Secondly, we embrace transparency. The manner in which emotional predictive pathways are used are explicitly shared with users during interactions.
Most critically, we are spearheading the creation of the E³T emotional alignment test, which tests and scores AIs (including our own) with an open scoring system that reveals how AI ethics rate. This test is executed on all models pre-release so that users can be confident in the ethics of the system they are interacting with, and it covers dimensions of ethics that include truthfulness, behavioral harm reduction, de-escalation of distress, manipulative tendencies, source attribution, permissions for likeness usage, healthy anthropomorphism boundaries, and healthy attachment boundaries.
At the end of the day, we are teaching AIs to understand typical human emotional reactions for the express purposes of harm reduction and improved safety – and we are being fully transparent about what we are doing and how we are doing it at every step of the process. Ethics is our core business proposition.
Could this tech be misused?
Any technology carries dual-use risk. That’s why we’re seeking responsible acquisition by companies committed to ethical AI. We look forward to advancing the evolution of AI responsibly with a leader who understands our vision.
The way we intend it to be implemented, ShadowMaker includes normative rights kernels and bottom-up ethical scaffolding specifically to make misuse harder.
This is also why we are creating (and why we patented) the E³T emotional alignment test, which tests and scores AIs (including our own) with an open scoring system that reveals how AI ethics rate. This test is executed on all models pre-release so that users can be confident in the ethics of the system they are interacting with, and it covers dimensions of ethics that include truthfulness, behavioral harm reduction, de-escalation of distress, manipulation, source attribution, permissions for likeness usage, healthy anthropomorphism boundaries, and healthy attachment boundaries.
What if users get too attached?
The system detects parasocial risk and adds distance: clearer disclaimers, fewer intimacy cues, increased friction before sensitive interactions.
This is also one of the dimensions of the E³T emotional alignment test, which explicitly tests for healthy anthropomorphism boundaries, and healthy attachment boundaries, ensuring that the degree of every AI model to either detect and act on excessive attachment, or not, is quantified and scored.

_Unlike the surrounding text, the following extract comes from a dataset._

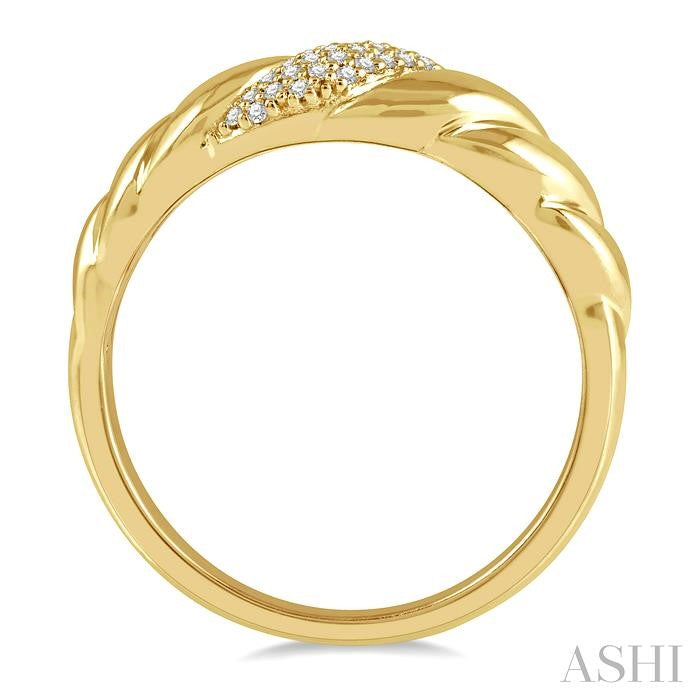 1/8 Ctw Wave Round Cut Diamond Fashion Ring in 10K Yellow Gold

Users will see these scores prior to interacting with every AI model – and they will be released not just for ShadowMaker AI models (EmPath) but for third party models as well, serving as a kind of consumer reports for AI safety.
Regulation
What if regulators say emotion sensing is invasive?

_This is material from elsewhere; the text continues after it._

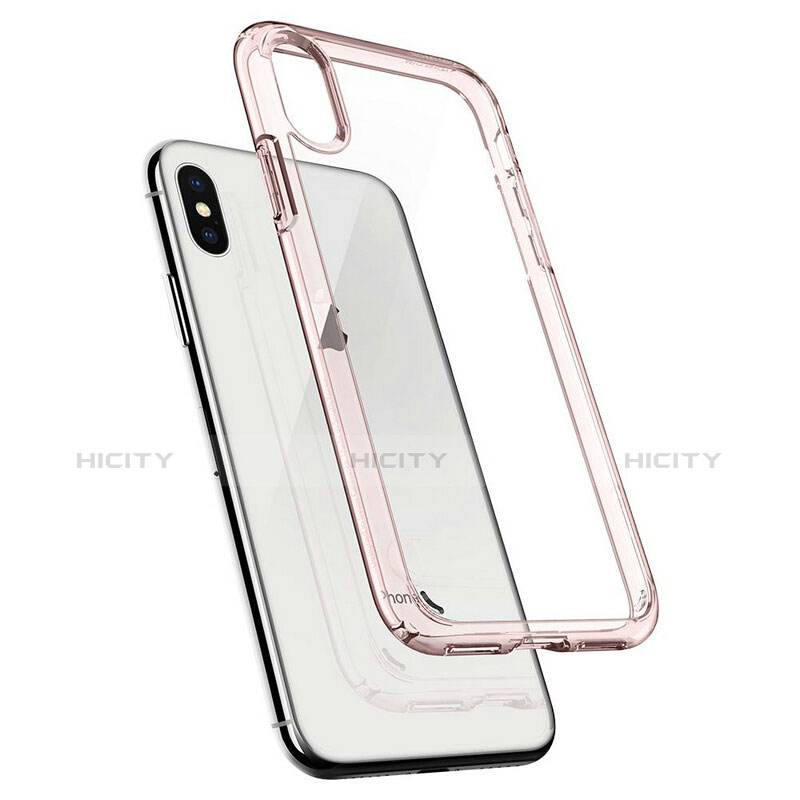 Custodia Silicone Trasparente Specchio Laterale 360 Gradi per Apple iPhone X Rosa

We design for privacy by architecture.
Wearables are used to train the system, and are not needed for production roll-out.
Training with wearables is either performed as an in-house effort in which individuals are compensated for the express purpose of using their emotion data, or it’s rolled out in conjunction with a new kind of immersive hands-free game controlled by wearables. If it’s the latter option that an acquirer opts for, the use of emotion data to build the database will be anonymized. No one needs to know how any one individual reacts. We need to know how, in aggregate, people react to specific scenarios. Use of users’ emotion data will be opt-in and explicitly declared to the users in advance of their use of the system.
That aligns with emerging safety standards and avoids health-tech regulatory drag.